## THE TASK
Every line of the material below needs to be copied exactly; omit the pictures.
::::::
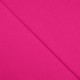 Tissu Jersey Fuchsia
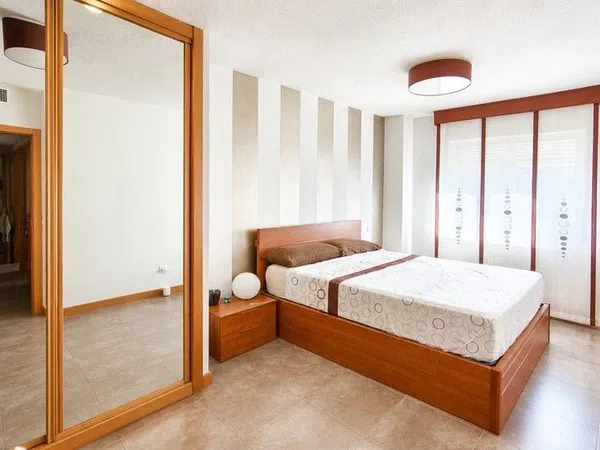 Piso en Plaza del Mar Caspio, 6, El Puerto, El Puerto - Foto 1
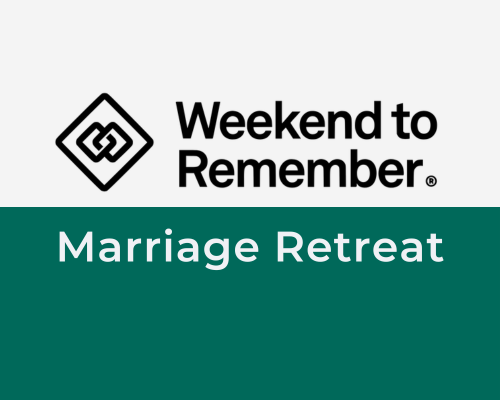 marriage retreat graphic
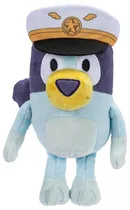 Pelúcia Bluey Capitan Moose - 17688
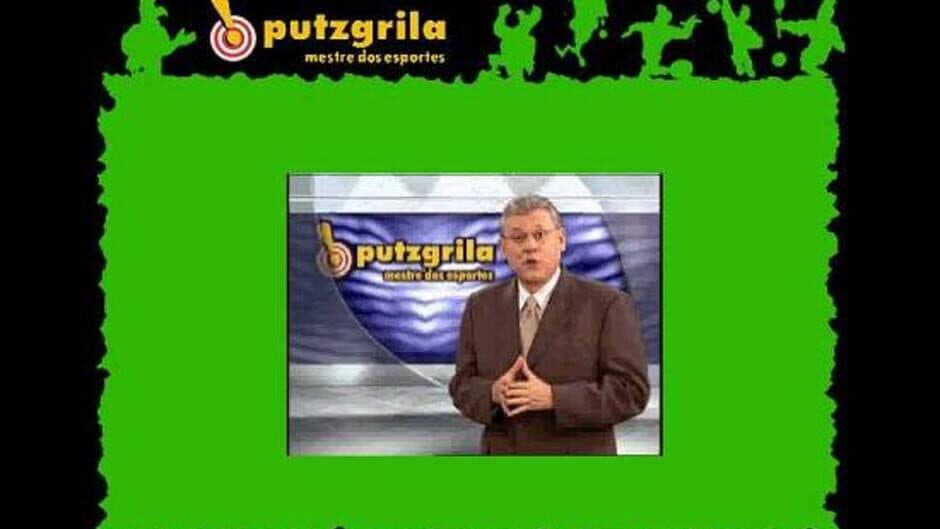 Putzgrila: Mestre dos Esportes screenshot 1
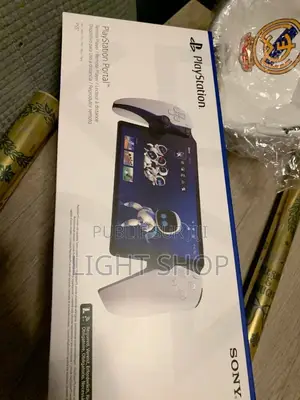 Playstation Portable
::::::
## EXERCISE OUTPUT
 Tissu Jersey Fuchsia
 Piso en Plaza del Mar Caspio, 6, El Puerto, El Puerto - Foto 1
 marriage retreat graphic
 Pelúcia Bluey Capitan Moose - 17688
 Putzgrila: Mestre dos Esportes screenshot 1
 Playstation Portable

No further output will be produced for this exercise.